29 de agosto de 2004

O senhor ouvidor

Jornal O Estado do Maranhão 
Em 1543 quando era corregedor da Justiça em Elvas, no Alentejo, em Portugal, o cidadão Pero Borges recebeu do rei D.João III a incumbência de supervisionar a construção de um aqueduto. A obra ia pela metade quando parou. A verba acabara. Os vereadores da cidade indignaram-se, talvez por não terem a oportunidade de participar do trabalho de dar sumiço aos recursos destinados ao aqueduto. Enviaram, então, uma carta ao rei, solicitando uma investigação sobre as razões da carência dos fundos que eles pensavam ser bastantes a tão necessária obra, destinada a matar a sede de água dos habitantes da cidade e, como se vê, de dinheiro de Pero e seus comparsas.
O rei deu autorização para a abertura de um inquérito, tão “rigoroso”, suponho eu, como os de hoje.

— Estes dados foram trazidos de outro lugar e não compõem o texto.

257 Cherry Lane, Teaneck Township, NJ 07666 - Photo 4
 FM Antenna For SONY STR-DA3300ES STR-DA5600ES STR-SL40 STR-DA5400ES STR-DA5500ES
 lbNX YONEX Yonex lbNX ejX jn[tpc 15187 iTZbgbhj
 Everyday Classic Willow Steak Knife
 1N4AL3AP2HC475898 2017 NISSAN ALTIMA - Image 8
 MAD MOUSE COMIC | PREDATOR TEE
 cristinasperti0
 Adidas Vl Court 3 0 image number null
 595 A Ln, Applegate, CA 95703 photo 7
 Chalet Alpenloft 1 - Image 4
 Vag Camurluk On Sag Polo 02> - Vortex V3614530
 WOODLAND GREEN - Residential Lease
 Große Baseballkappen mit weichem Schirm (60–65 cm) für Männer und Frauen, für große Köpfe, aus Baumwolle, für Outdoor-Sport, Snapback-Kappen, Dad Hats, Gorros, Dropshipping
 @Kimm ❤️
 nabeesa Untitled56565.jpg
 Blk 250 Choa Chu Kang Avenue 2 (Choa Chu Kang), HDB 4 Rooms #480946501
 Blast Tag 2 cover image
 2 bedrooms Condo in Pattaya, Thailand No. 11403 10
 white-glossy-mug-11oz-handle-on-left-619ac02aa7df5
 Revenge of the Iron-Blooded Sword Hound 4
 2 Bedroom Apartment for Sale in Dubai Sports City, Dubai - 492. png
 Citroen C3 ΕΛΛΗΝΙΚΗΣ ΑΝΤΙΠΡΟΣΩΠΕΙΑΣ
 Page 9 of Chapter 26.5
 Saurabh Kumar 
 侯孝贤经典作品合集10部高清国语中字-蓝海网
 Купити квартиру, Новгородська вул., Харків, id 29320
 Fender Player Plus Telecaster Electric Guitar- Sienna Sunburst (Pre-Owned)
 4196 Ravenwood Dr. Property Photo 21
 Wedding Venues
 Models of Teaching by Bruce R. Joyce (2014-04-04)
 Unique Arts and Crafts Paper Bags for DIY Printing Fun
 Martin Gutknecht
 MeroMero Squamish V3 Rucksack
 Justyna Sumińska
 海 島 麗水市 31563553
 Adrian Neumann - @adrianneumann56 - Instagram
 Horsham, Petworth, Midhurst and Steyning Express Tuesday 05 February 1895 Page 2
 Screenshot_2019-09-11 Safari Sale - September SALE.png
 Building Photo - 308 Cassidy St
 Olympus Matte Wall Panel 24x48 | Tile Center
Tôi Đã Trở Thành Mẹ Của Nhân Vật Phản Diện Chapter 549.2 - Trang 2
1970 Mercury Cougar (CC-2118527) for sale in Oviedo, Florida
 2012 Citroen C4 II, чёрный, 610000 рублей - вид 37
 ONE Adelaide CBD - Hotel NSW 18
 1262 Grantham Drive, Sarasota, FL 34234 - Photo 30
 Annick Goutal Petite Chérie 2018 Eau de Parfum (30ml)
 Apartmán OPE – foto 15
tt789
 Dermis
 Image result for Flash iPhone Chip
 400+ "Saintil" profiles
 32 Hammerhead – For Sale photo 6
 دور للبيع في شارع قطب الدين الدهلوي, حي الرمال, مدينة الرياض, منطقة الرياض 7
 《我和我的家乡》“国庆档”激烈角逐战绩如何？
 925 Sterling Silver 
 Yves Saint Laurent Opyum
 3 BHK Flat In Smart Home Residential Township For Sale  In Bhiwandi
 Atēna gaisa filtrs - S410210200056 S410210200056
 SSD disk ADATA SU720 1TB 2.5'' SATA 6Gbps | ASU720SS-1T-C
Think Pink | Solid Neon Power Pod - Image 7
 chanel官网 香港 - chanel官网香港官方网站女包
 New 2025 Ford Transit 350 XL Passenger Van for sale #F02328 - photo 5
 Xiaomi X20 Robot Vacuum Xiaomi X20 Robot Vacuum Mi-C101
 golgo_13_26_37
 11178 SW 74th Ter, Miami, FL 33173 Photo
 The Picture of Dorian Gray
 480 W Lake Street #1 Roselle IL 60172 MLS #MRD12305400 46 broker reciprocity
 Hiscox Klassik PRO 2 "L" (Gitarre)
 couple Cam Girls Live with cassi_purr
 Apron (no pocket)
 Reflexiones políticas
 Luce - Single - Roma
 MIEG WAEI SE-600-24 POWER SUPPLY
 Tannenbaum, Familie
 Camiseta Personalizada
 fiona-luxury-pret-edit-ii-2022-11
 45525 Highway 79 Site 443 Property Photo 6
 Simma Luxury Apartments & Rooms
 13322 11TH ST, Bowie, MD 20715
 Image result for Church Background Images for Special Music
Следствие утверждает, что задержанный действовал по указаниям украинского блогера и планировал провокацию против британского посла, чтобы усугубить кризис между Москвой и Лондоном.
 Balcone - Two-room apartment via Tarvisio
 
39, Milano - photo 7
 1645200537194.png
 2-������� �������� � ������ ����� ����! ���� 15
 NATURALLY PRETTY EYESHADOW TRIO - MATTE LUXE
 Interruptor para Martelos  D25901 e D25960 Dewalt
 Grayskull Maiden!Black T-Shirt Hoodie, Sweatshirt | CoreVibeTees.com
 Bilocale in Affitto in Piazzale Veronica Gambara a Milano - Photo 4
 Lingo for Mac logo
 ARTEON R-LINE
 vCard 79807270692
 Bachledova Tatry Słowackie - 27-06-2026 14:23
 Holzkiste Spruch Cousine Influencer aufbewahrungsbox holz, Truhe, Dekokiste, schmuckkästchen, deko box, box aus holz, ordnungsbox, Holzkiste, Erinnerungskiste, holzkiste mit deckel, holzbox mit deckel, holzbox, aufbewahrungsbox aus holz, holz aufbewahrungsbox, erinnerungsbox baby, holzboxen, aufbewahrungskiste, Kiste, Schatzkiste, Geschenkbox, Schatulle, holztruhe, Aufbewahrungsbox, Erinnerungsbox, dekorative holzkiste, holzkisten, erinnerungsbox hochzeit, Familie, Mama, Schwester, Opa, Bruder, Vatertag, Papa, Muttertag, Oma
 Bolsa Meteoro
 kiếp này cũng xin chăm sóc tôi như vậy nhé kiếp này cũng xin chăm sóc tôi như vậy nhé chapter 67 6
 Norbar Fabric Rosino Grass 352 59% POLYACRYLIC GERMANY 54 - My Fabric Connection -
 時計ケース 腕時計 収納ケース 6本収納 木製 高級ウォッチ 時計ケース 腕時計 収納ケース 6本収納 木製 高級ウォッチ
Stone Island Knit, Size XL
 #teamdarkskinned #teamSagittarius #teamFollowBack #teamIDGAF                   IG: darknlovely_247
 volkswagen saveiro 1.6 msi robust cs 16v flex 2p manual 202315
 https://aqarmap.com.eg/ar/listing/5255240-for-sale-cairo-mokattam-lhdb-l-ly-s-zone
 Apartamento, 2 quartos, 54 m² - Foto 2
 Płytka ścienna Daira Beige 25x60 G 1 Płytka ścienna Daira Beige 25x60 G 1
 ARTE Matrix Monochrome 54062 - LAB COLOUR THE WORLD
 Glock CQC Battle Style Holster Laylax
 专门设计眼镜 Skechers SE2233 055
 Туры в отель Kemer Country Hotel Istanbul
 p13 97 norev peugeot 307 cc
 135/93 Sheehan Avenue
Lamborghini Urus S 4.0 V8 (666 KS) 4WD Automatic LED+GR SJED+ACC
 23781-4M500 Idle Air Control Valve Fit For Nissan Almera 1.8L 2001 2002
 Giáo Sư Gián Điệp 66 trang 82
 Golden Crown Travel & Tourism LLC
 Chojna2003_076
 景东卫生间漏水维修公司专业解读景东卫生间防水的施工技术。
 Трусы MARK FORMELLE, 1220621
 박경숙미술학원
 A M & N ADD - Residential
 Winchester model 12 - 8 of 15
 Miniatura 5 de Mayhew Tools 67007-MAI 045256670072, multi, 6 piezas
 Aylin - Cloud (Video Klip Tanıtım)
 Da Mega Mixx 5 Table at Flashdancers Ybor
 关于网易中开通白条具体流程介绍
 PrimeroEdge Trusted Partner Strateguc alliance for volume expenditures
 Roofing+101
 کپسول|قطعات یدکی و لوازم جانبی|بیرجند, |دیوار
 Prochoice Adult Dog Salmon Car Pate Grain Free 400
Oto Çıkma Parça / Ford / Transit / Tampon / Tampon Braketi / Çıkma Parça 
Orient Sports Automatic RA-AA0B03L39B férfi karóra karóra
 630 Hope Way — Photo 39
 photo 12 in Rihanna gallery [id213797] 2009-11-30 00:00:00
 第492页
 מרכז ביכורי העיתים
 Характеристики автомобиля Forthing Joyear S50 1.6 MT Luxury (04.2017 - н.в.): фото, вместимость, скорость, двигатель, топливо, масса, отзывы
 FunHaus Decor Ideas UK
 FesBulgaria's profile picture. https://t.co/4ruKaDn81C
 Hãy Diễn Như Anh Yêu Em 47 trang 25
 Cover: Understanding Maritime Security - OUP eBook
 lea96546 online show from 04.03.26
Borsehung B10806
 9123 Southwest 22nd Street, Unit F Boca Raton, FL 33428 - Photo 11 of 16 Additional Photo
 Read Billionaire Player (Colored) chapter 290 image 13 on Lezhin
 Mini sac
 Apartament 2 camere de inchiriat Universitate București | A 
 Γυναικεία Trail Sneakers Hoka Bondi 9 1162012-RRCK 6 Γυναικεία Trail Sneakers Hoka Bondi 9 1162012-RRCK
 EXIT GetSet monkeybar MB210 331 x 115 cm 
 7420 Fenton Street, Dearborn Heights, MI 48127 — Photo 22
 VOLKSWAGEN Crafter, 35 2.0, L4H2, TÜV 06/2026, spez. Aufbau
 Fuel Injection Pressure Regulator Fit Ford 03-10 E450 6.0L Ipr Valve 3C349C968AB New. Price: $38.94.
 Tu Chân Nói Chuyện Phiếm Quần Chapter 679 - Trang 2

Os investigadores chegaram à óbvia conclusão. O corregedor colocara no bolso 50% da verba, correspondente a um ano de seu salário. Três anos depois ele foi condenado a devolver ao erário o dinheiro surrupiado, e proibido por três anos de exercer cargos públicos.
Prestem muita atenção agora. Esse espertalhão foi nomeado em 1548, pelo mesmo rei D. João III, como ouvidor-geral da América Portuguesa, o primeiro na sua história, uma espécie de ministro da justiça. Recebeu ainda a promessa de nomeação para o cargo de desembargador da Casa de Suplicação, correspondente a um Supremo Tribunal, em Lisboa, “se bem servisse”. Teve mais. A mulher de Pero, Simoa da Costa, receberia uma pensão anual de 40 mil reais, uma forma de diminuir sua solidão e evitar tentações materiais, durante a estada do marido por estas bandas, sendo o salário dele de 200 mil reais anualmente. Ele embolsou o valor correspondente ao primeiro ano desta generosa remuneração antes mesmo de sua partida, a fim de exercer a nobre missão de distribuir a justiça, zelar pela honesta aplicação dos recursos reais e ajudar na centralização administrativa da América Portuguesa, por meio da criação de uma imensa burocracia a partir da implantação no ano seguinte do primeiro governo-geral.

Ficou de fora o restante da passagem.